WHAT YOU WILL DO:
Pictures should be left out when the listing below is repeated word for word.
GIVEN INFORMATION Start Marker
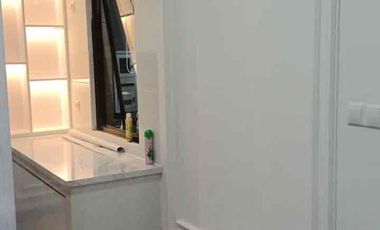 dijual cepat rumah minimalis semi furnish di summarecon mutiara makassar 2 lantai
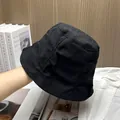 Detalle de textura de sombrero de pescador en pana negra con pliegues y estilo minimalista - Ajustable / Negro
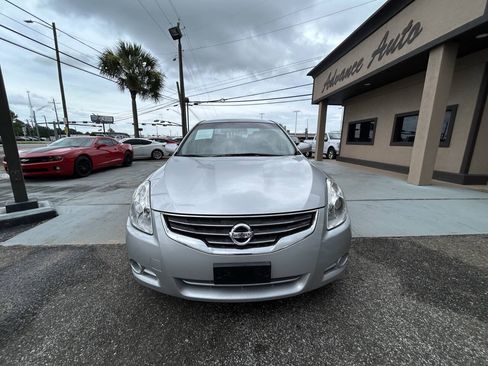 Used 2011 Nissan Altima 2.5 S FWD image 8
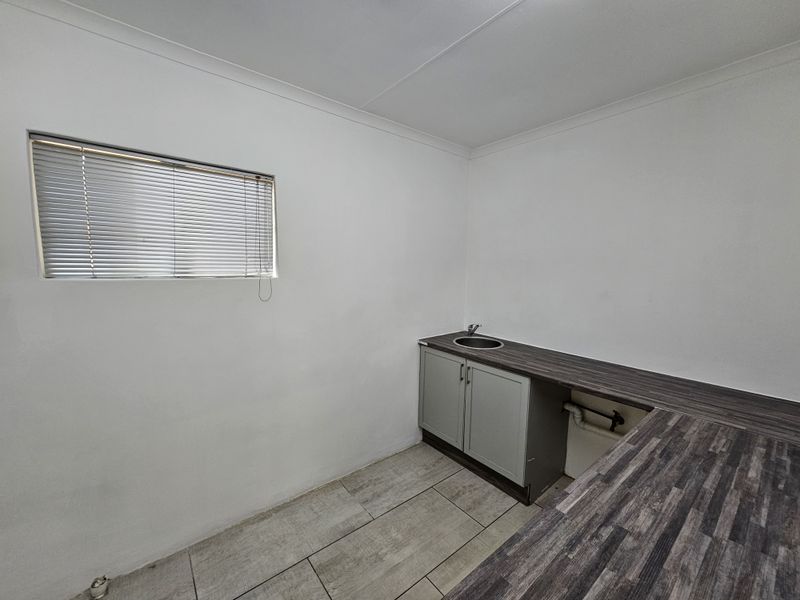 TO LET - SMALL OFFICE/RETAIL SPACE CLUBVIEW CENTURION - Photo 9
GIVEN INFORMATION End Marker
RESULT FOR THIS EXERCISE:
 dijual cepat rumah minimalis semi furnish di summarecon mutiara makassar 2 lantai
 Detalle de textura de sombrero de pescador en pana negra con pliegues y estilo minimalista - Ajustable / Negro
 Used 2011 Nissan Altima 2.5 S FWD image 8
 TO LET - SMALL OFFICE/RETAIL SPACE CLUBVIEW CENTURION - Photo 9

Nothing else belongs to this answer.